Open Source

Got OpenAI's privacy filter model running on-device via ExecuTorch

Privacy filtering runs locally on mobile with OpenAI's model and ExecuTorch.

Deep Dive

A developer has successfully deployed OpenAI's privacy filter model on mobile devices via ExecuTorch, Meta's runtime for on-device machine learning. The setup uses a react-native-executorch bridge and runs with a memory footprint of approximately 600MB RAM. The model handles arbitrary text inputs—including emails, documents, chat logs, pasted notes, and transcripts—and flags sensitive content with surprising accuracy, catching PII and other sensitive material that goes beyond simple pattern matching.
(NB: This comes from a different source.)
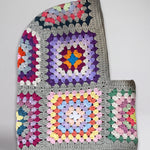 Sage multicolour granny square balaclava laid flat, side view of the hood — handmade by Ana Chic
This approach addresses a fundamental paradox in privacy filtering: sending text to a cloud API to check if it's sensitive undermines the very privacy it aims to protect. By running the model locally, the developer ensures that drafts, internal documents, exported chat history, and OCR'd scans never leave the device. This aligns the privacy guarantee with the actual use case, making it particularly valuable for users who are reluctant to send sensitive data to external servers. The implementation demonstrates that on-device AI can handle complex tasks like privacy filtering without sacrificing accuracy or performance.

Key Points
  • OpenAI's privacy filter model runs on mobile via ExecuTorch with a 600MB RAM footprint
  • Uses react-native-executorch bridge for integration with mobile apps
  • Handles arbitrary text inputs (emails, documents, chat logs) and catches PII and sensitive content effectively

Why It Matters

On-device privacy filtering aligns security guarantees with use cases, eliminating cloud API paradox for sensitive data.